Greylock pleads for mercy for the girl and eventually agrees to kill himself at midnight Christmas Eve if Drene will spare her.
However, in her book J. Stuart Blackton: A Personal Biography by His Daughter (June 1985), Marian Blackton Trimble writes that her father was unhappy with Gaskill's adaption of Chamber's novel, saying: "The script proved too involved, too scholarly, top heavy with long, platitudinous titles, the cardinal sin of the silent movie, and soggy with prolonged, unclimaxed scenes" (p. 150).
[3] The Exhibitors Herald reported in 1924 that Blackton had purportedly "invented a new technical arrangement of lights by which he has procured effects in photography which never before have been shown on the screen...the experiments were conducted in Los Angeles and used for the first time in the studio set of Between Friends, where a model poses for a statue".

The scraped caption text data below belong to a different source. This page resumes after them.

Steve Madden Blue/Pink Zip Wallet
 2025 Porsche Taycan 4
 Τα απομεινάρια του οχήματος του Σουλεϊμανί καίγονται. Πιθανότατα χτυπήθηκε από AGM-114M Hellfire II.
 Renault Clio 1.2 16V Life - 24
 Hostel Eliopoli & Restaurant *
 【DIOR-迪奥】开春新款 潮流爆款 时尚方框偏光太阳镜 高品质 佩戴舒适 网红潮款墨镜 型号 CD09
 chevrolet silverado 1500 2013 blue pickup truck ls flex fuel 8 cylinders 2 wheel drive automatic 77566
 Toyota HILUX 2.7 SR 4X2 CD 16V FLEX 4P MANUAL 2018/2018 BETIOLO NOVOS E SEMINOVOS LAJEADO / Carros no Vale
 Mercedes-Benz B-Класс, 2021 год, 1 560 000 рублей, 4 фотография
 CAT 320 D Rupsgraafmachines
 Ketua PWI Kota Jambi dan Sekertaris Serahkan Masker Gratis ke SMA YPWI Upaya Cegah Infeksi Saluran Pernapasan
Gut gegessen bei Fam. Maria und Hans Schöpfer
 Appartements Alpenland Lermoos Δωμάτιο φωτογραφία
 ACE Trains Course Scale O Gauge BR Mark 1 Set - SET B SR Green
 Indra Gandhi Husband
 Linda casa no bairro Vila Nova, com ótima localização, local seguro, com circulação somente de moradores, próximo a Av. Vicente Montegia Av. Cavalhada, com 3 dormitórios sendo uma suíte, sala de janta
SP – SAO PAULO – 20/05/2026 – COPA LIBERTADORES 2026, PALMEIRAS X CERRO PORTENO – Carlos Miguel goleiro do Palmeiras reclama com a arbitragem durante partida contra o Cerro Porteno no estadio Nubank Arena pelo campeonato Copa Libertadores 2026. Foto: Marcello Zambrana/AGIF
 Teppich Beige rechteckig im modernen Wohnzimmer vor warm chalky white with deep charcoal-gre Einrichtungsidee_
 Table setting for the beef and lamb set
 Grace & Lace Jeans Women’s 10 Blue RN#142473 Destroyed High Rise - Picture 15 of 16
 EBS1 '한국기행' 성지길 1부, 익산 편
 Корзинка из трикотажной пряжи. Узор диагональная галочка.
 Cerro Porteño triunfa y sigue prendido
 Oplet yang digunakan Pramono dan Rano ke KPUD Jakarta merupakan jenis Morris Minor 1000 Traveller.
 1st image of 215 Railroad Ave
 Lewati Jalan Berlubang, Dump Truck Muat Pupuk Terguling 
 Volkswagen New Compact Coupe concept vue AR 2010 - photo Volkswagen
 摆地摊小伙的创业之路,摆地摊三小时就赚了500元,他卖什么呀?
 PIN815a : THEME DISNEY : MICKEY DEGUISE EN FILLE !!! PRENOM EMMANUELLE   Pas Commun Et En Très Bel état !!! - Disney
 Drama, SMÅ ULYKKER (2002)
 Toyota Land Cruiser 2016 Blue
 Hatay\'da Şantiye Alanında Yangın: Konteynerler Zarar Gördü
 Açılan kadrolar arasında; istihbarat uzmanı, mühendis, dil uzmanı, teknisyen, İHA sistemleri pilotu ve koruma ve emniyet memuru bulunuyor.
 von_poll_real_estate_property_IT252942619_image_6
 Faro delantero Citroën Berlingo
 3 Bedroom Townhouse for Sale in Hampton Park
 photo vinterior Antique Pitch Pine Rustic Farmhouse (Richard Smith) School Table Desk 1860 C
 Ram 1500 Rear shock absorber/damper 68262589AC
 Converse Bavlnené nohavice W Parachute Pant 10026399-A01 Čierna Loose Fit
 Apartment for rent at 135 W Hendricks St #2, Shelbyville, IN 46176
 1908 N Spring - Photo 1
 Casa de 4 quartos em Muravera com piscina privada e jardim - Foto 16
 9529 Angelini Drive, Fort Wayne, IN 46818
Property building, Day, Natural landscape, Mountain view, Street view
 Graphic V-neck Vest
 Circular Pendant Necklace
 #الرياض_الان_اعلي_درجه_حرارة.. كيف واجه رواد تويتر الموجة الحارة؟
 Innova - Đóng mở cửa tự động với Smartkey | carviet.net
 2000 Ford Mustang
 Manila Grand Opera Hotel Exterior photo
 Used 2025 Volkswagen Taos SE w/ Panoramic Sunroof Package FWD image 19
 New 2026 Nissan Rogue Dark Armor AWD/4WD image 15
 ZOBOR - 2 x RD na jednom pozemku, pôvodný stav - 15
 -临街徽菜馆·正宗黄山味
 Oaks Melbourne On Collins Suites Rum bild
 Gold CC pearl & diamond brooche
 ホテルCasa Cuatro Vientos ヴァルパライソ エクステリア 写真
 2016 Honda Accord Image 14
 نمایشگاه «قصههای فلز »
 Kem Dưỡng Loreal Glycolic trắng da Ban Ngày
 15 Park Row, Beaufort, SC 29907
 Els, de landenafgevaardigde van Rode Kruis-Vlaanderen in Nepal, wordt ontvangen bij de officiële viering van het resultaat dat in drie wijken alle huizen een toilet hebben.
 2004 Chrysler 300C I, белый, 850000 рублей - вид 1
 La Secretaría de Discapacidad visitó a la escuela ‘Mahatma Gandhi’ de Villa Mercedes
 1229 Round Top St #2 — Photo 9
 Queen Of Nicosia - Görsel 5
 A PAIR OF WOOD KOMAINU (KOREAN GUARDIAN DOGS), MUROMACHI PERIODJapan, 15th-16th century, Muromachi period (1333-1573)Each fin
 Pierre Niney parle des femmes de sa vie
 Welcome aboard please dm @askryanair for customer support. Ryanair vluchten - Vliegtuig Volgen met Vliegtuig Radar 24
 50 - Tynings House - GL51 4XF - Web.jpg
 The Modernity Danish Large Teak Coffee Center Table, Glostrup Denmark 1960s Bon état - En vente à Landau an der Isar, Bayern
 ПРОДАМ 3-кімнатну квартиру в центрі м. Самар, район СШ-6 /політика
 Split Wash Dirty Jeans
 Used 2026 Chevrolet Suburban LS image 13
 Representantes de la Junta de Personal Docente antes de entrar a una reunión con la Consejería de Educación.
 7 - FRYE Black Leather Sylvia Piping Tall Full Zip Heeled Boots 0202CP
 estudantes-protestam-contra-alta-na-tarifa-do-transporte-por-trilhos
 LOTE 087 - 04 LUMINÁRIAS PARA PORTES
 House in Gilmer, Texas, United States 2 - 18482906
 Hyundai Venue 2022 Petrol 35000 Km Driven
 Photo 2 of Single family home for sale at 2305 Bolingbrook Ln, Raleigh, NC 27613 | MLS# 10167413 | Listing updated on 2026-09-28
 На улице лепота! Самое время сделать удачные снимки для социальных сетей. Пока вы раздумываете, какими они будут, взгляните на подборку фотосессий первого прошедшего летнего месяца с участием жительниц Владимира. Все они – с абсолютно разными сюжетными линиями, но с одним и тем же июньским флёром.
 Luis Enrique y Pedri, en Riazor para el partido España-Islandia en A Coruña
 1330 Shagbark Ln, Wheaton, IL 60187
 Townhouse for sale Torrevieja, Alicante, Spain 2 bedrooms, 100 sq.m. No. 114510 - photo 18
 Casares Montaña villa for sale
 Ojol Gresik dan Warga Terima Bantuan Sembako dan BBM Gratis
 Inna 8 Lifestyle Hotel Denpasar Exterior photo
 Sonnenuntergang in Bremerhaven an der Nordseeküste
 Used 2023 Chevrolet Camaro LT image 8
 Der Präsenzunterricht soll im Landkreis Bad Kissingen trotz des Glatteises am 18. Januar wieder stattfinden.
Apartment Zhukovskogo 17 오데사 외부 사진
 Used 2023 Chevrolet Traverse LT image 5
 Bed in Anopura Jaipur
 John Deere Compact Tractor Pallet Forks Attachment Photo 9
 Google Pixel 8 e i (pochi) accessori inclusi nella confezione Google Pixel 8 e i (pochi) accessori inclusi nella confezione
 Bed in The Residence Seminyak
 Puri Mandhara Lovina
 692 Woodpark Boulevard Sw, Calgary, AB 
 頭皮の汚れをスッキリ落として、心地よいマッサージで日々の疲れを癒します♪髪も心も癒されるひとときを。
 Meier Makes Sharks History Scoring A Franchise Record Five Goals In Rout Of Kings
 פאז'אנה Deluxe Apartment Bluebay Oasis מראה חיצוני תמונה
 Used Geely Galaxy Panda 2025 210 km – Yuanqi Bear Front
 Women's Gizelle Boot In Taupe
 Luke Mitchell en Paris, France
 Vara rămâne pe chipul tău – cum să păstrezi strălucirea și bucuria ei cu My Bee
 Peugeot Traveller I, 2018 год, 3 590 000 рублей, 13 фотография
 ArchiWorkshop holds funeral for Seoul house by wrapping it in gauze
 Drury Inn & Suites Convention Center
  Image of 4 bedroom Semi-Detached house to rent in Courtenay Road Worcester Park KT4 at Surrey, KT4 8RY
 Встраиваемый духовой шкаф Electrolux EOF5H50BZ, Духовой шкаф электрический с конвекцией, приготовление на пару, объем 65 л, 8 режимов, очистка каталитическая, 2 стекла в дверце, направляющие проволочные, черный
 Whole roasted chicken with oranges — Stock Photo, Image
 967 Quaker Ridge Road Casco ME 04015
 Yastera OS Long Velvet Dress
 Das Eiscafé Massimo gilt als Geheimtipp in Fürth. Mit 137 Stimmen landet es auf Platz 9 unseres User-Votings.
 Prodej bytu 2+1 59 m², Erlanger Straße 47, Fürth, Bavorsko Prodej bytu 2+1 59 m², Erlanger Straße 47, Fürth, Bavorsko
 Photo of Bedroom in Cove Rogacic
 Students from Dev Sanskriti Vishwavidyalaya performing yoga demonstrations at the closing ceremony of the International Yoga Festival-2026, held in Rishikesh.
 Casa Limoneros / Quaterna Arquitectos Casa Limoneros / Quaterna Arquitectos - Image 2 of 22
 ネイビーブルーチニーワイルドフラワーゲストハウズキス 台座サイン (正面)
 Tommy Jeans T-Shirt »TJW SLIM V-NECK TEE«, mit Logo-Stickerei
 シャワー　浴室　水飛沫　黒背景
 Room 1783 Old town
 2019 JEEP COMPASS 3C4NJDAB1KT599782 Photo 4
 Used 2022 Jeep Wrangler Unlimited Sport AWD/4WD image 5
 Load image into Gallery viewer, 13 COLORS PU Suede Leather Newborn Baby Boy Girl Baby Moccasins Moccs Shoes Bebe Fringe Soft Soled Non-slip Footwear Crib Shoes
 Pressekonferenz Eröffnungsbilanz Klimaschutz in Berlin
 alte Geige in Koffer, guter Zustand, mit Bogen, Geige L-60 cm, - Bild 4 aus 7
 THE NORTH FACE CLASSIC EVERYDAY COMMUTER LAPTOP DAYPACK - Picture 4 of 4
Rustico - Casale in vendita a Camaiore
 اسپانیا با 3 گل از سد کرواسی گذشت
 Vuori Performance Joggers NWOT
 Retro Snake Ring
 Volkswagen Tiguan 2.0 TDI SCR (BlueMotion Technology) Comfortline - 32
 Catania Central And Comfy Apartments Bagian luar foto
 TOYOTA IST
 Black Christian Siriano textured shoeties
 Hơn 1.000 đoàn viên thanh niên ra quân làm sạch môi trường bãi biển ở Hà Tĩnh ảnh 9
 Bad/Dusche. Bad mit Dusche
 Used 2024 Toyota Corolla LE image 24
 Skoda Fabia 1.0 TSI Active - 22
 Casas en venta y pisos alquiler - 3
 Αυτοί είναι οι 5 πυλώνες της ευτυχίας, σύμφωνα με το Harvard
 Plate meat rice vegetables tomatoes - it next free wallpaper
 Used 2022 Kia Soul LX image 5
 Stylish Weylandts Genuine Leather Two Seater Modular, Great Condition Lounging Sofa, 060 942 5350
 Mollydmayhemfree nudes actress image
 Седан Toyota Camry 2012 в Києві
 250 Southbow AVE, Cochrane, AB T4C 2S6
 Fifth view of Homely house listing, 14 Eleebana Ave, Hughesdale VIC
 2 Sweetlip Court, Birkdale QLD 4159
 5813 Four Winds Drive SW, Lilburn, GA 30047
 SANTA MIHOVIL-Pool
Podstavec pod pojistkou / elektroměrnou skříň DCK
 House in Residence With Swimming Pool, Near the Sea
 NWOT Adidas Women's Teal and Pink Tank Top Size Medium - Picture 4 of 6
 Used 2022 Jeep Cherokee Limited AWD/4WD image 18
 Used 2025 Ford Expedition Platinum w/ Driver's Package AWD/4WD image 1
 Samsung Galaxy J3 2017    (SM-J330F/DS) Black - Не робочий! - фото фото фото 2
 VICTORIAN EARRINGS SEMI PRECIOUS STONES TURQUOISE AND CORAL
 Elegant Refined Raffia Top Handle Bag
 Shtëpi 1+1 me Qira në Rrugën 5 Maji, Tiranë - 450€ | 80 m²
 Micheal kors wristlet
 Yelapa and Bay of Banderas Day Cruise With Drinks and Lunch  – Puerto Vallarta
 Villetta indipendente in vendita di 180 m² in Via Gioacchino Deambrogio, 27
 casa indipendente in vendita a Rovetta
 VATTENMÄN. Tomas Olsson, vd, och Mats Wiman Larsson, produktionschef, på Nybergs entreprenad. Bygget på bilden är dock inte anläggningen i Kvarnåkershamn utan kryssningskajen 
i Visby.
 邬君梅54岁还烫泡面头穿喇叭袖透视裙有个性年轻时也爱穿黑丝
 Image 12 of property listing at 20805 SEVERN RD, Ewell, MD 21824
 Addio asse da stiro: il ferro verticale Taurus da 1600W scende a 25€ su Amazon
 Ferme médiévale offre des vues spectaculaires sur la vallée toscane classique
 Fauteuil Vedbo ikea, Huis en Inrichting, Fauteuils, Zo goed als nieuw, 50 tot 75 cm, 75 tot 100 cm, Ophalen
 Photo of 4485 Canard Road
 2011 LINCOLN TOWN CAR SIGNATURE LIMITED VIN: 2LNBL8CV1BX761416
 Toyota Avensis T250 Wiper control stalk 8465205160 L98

[4] In February 1918, Vitagraph released The Woman Between Friends, a silent film based upon the novel which featured Robert Walker, Edith Speare, and Marc McDermott.
The New York Times review said "there are black cats, apples handed to the hero by the pretty model and an utterly overdone bit of suspense toward the end of the picture, together with scenic long-distance hypnotism".
The Daily News was harsh in their criticism of the feature saying, "just as the characters in this Robert W. Chambers story were cheap and unreal, so are they in the film".
[5] Henriette Sloane gave the film a positive review in the Exhibitors Trade Review, stating that it was "armed with an unusually strong cast of noted stars...and was a very satisfactory and decidedly entertaining photoplay which should provide the average audience with a very pleasant matinee or evening".